= Given records =
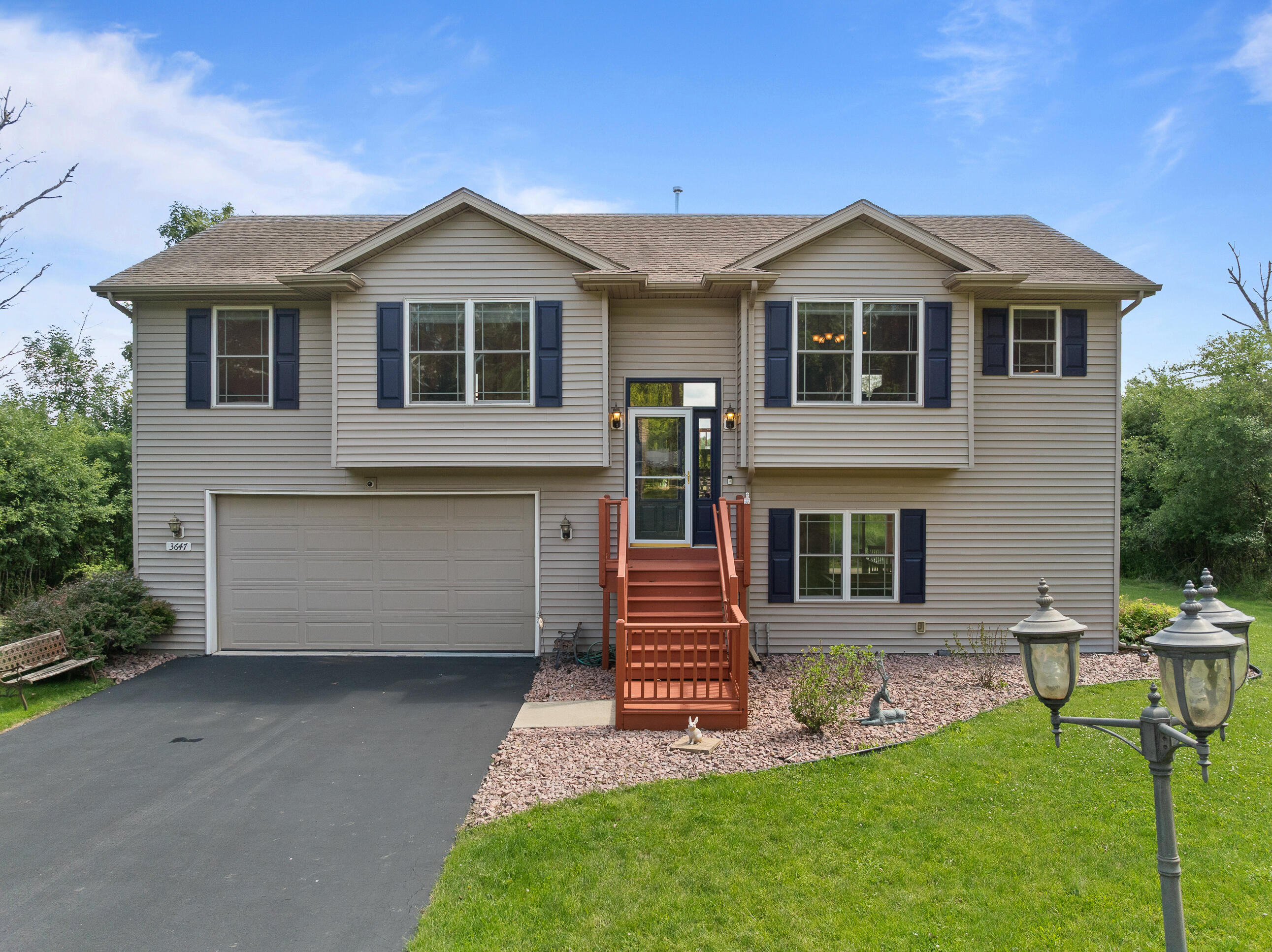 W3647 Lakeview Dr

==

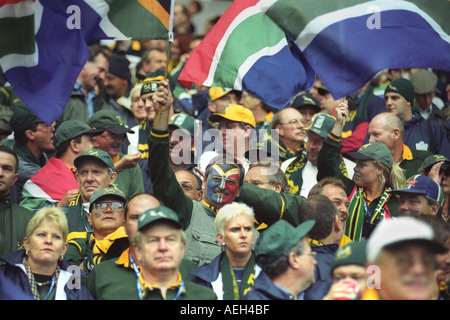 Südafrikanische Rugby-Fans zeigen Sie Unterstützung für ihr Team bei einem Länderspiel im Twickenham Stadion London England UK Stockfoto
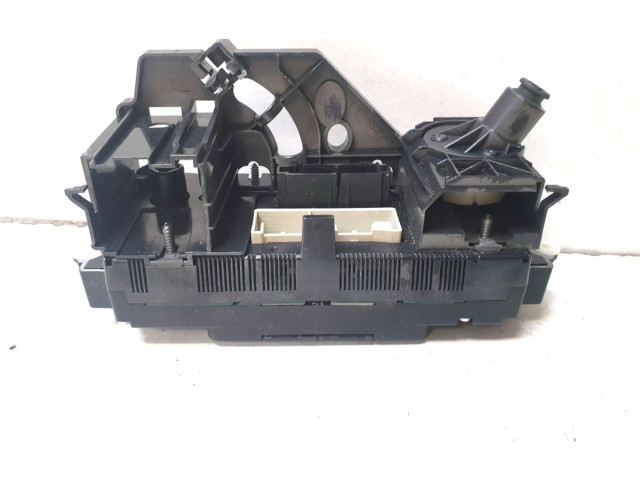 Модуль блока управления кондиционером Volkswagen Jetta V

--

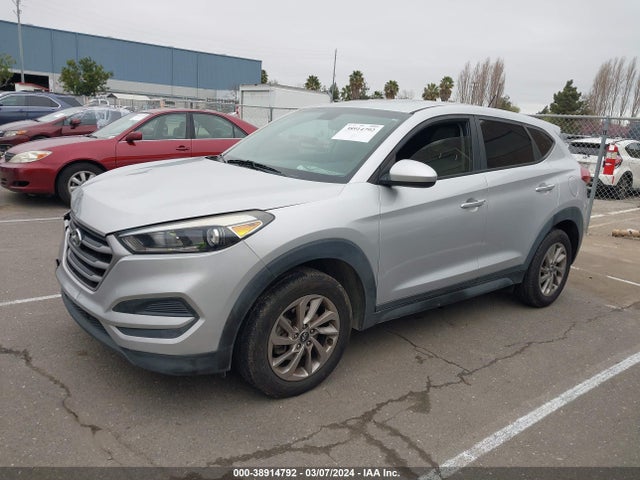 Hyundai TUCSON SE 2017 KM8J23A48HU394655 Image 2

= Work order =
Return exactly the lines that appear in the data above between the line containing "Südafrikanische Rugby-Fans zeigen" and the line containing "Модуль блока управления", both of which are included, and leave the pictures out.

= Result of this task =
 Südafrikanische Rugby-Fans zeigen Sie Unterstützung für ihr Team bei einem Länderspiel im Twickenham Stadion London England UK Stockfoto
 Модуль блока управления кондиционером Volkswagen Jetta V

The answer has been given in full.